Throughout the history
of this site, it has always been my intention to create a ranking system
that did what most people want it to do - show the current strengths of
teams as accurately as possible. It should be noted before I go further
that no ranking system will ever reach 100% accuracy, as this
would mean it was static and teams could never change position. The
whole idea of a ranking system is to create a dynamic list of teams
whose order changes over time based on the results of the matches they
play.
1) - A team's start
rating must be estimated - introducing a great deal of subjectivity
every time a new team enters the ranking.
In recent elo rankings,
for example, Papua New Guinea have been rated higher than Luxembourg.

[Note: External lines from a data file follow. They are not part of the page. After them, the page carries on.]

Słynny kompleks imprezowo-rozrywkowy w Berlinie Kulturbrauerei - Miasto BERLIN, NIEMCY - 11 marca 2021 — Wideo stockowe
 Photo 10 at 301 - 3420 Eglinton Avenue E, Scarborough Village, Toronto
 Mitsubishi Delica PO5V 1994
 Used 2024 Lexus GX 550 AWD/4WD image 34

It is debatable whether Papua New Guinea could hold
France or Germany to
a 3-0 or 4-0 defeat. And it is also debatable whether Luxembourg would
lose 9-0 or 10-0 against Australia. I would certainly think Luxembourg
belonged above Papua New Guinea on current strength, but the cumulative
effect of not awarding teams for 'good' defeats and awarding teams for
poor wins against lowly opposition means that teams like Luxembourg will
always be held ransom by the confederation to which they belong. If
Luxembourg played in the OFC, for example, they would have a much higher
elo rating. This kind of situation led me to seek another way to rank
the teams. |
Without discarding
the elo system altogether (it has its merits), I now use a modified
version of it on the site. The main differences between The Roon Ba
elo formula and the standard elo formula are that matches are
divided into only 2 types - competitive (for regional, continental
and world tournaments) and non-competitive (for friendly matches and
friendly tournaments). A competitive match has twice the weight of
a non-competitive match. Also, the formula has been altered
slightly to allow teams to gain points for losing 'well' and to lose
points for winning 'badly'. This ensures that the ratings change
reflects what is actually the case as shown by the result of the
match - the teams are getting closer together. The third
difference, and perhaps the part that was most difficult to
implement - is the automatic assigning of a start rating for each
team. Only one team is given a start rating (which can be any number - I have generally chosen it to be around 2500 points so as to avoid negative points totals at the bottom of the ranking). From this one team's start rating - all other start ratings can be calculated. Let's use a simple example - say Team A is given a start rating of 2500 points, and in their first match, they draw 1-1 with Team B at a neutral venue. Team B's start rating will thus be 2500, and this rating will be used in the calculation for their next match. If Team B had lost 1-0 to Team A, they would have a lower start rating (let's say 2400). In this way, there is hardly any subjective input at all. The elo system is applied to the entire database of results (from 1872 onwards) and is repeated in 101 iterations to increase the accuracy. One further modification to the assignment of start elo ratings is that the start rating is dynamic until that team has played 10 matches. That is to say, it is not fixed. The elo formula for that team does not start until after its 10th game. Until then, the team is given numerous start ratings, and these start ratings are added together and divided by the number of games that team has played. This allows a team to settle into a more realistic position before their rating is fixed.
|